Bans are exacerbating the maternal mortality crisis and care deserts
Accessing reproductive care was already hard pre-ban in states like South Dakota, Louisiana, and Arkansas, which are considered maternity care deserts or ranked high in maternal mortality. “In rural areas here, it’s really difficult to find an OB-GYN and just prenatal care in general,” Floren of JEN in South Dakota added. “So if you have something go wrong, you might be three hours away from your nearest hospital. So already, people are at a higher risk for complications and not being able to get the emergency care that they need when they need it.”
In Louisiana, a state experiencing a maternal mortality crisis that disproportionately affects Black women, legislators have averaged $1 million a year in funding to anti-abortion centers that don’t offer actual prenatal care. Often called crisis pregnancy centers, these organizations are hotbeds of reproductive misinformation. Lift, in Louisiana, has been fighting against these centers that are, according to Harris, “pandering to a way of thinking that is not constructed or based in scientific evidence and in fact could really lead to harmful outcomes to our people, Black people in particular, who are really having a crisis in pregnancy.”

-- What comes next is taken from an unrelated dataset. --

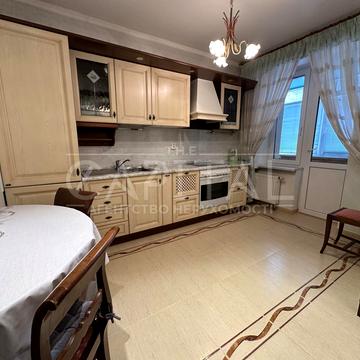 Лесі Українки бульв., 21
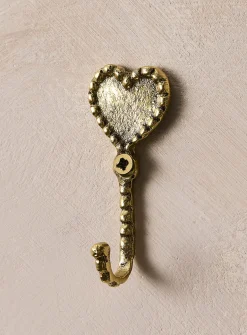 Saachi heart wall hook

An isolating experience: Afraid to ask for help
In response to full bans and punitive legislation in places like Texas, abortion funds like the Lilith Fund have had to shift their approach. Though it is not directly providing funding for patients to get an abortion, the Lilith Fund is still funding other reproductive care like birth control, IUD insertion or removal, ultrasounds, and more. There are also hotlines that provide useful referrals and resources to pregnant people seeking abortions.

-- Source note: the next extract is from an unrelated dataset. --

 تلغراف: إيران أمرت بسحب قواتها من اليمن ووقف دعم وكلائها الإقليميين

In Texas, people are scared to seek help thanks to the bounty law known as S.B. 8, which financially incentivizes citizens to sue someone who helped or encouraged a pregnant person to get an abortion. “These laws are meant to scare people and coerce them from getting support from the community and their trusted loved ones, and so people feel more isolated throughout this process,” Shae Ward, hotline program director at the Lilith Fund in Texas, said. “Luckily, we can tell them what they actually can do, where some safe places to go [are], or where to look for information on what their options are.”
Others are also increasingly concerned about “being policed” and “surveilled” in Tennessee, according to Cherisse Scott, founder and CEO of SisterReach. Her organization has been trying to spread the message that “abortion is still legal in other areas of the country, and we’re here for you.”
This shouldn’t be the norm
All abortion advocates emphasize that having to travel across state lines to get reproductive care shouldn’t be the norm. “It’s an extremely dire situation,” Marshall of Wisconsin’s WMF said. And even if there’s funding available for people to travel, Floren added, “nothing is going to replace having local care in your community, with your own providers from your community. This is not sustainable at all in any way.”